September 2, 2011

Recent Disease Investigation from Wildlife Disease Association Newsletter

In the Spotlight: Recent Disease Investigation from Wildlife Disease Association Newsletter

Nordic Section Quarterly Report of Wildlife Disease Incidents for April, May and June 2011

Severe nose bot fly infestation in a wild reindeer flock in Southern Norway

In the July 2011 Wildlife Disease Association newsletter, Bjørnar Ytrehus and Kjell Handeland from the Norwegian Veterinary Institute submitted the following disease report summary.

In the middle of May 2011 a hunter observed a flock of 30-40 wild tundra reindeer on the southern part of Hardangervidda ( 8° E, 60°N) showing signs of lethargy, respiratory distress and complete lack of fear. On close view he observed “worms creeping out of the nose of them”.

A young animal was culled and the head submitted for laboratory examination. At reception, the tongue, pharynx and larynx had been removed and could therefore not be inspected. In the nostrils, on the muzzle and cheeks and within the nasal conchae about 30 third-stage larvae of the reindeer nose bot fly (Cephenemyia trompe) were found. The larvae were also found in the tissues around the retropharyngeal lymph nodes and lateral to the pharynx (figure 1). The adjacent lymph nodes showed follicular hyperplasia with a greenish discoloration and moist cut surfaces. The tissues surrounding the larvae show a greenish discoloration and edema.

The local wildlife manager was urged to follow the affected reindeer flock, but it could not be reloacted. A few other small flocks that were observed did not show any obvious signs of disease.

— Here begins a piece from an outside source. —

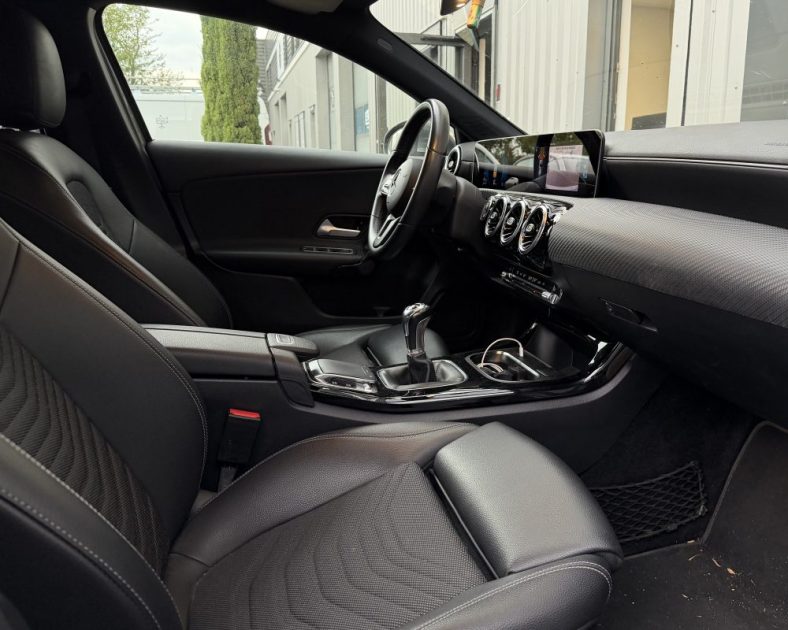 MERCEDES CLASSE A 160 - Entretien complet - Cuir intérieur - Garantie 6 mois - 2019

The nose bot fly is a common problem in domesticated reindeer herds in northern Norway, and there are large variations in infection levels between years, districts and individuals (Nilsen, 1995). Little is known about the impact of this infestation in the wild reindeer populations in southern Norway. However, the clinical signs observed in the reported flock may indicate severe health distress by heavy infestation, possibly most pronounced when the third-stage larvae are in the migratory process of leaving the host.